Featured Middlemen Review: Richard W. Halperin
“With each MacNeice book, Scott Thornley takes the reader deeper into the forest of the human soul. These are, yes, detective stories, but they are also novels about a detective. For MacNeice, nearly every action undertaken in pursuit of perpetrators of horrible murders opens up vistas: of his psyche; of his love for his late wife with whom he periodically communicates; of sentient nature, dogs, birds, actual forests; and of the explicable and inexplicable in the always-slightly-glimpsed souls of his colleagues and of each criminal, down to every minor character whether a caring nurse or a gangster’s stooge.
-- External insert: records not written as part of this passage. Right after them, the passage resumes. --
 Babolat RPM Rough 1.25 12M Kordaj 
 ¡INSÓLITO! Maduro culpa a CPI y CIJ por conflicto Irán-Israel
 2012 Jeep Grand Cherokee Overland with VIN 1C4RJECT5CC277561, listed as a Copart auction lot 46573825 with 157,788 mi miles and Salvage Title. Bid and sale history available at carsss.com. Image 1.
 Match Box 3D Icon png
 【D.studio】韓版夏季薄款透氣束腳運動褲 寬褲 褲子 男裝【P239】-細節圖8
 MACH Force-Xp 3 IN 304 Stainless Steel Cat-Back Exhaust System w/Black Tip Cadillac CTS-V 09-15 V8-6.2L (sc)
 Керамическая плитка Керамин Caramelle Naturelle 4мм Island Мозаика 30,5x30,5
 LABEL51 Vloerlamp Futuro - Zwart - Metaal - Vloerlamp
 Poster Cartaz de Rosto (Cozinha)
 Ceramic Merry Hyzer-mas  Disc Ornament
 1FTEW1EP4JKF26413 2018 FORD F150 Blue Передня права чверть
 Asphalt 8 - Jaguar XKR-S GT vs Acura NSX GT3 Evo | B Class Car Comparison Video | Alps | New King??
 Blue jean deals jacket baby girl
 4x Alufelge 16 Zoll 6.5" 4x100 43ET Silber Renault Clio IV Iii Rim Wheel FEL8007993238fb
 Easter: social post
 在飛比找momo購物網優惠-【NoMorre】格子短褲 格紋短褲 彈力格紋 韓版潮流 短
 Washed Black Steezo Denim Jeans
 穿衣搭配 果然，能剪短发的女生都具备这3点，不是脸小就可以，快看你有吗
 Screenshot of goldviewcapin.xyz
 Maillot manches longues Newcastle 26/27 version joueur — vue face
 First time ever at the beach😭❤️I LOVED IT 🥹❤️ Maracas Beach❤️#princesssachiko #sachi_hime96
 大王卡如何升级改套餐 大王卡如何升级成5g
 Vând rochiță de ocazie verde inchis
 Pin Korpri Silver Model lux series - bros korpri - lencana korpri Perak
In this, Thornley’s writing is virtuoso, as it also is in his descriptions of modern technology, forensics, and the crimes themselves which are described with such hyper-realism that they seem almost dreamlike. Would that they were. These horrors are what the human mind is capable of devising and, sometimes, of doing. Thornley uses poetry well – ‘well’ means near-invisibly – to handle soul-unknowables. One killer says, ‘Shuffle the letters of veil and you have evil.’
The motor of detective fiction is cause-and-effect. Thornley honours that in his intricate puzzle of a plot, then goes on to depict, character by character, cause-and-effect as the least of it. That is the mark of memorable literature. Middlemen is literature.”